EXERCISE: After locating "CUTICURA LAVENDER TALC" in the listing below, copy that line and each one after it exactly, ending with the line that has "Aukcja sprzedaży 2015".

RECORD EXCERPTS: Begin

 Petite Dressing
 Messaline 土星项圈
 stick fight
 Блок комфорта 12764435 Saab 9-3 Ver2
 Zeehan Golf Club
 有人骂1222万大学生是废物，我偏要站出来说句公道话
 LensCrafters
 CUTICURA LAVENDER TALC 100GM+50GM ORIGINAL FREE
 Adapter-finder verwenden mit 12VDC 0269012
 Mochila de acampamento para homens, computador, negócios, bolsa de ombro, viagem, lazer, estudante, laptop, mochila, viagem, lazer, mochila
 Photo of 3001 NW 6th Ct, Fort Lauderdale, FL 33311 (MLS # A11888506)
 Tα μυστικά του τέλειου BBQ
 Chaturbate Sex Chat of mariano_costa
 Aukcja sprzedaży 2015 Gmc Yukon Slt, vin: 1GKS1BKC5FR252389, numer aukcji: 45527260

RECORD EXCERPTS: End
RECORD EXCERPTS: Begin

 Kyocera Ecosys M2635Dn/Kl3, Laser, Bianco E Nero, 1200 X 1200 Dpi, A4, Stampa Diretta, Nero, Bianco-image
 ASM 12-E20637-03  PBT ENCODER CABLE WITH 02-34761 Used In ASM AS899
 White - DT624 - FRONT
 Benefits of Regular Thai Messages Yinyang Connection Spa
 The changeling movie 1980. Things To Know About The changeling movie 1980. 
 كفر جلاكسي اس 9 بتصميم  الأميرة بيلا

RECORD EXCERPTS: End

RESULT OF THE TASK:
 CUTICURA LAVENDER TALC 100GM+50GM ORIGINAL FREE
 Adapter-finder verwenden mit 12VDC 0269012
 Mochila de acampamento para homens, computador, negócios, bolsa de ombro, viagem, lazer, estudante, laptop, mochila, viagem, lazer, mochila
 Photo of 3001 NW 6th Ct, Fort Lauderdale, FL 33311 (MLS # A11888506)
 Tα μυστικά του τέλειου BBQ
 Chaturbate Sex Chat of mariano_costa
 Aukcja sprzedaży 2015 Gmc Yukon Slt, vin: 1GKS1BKC5FR252389, numer aukcji: 45527260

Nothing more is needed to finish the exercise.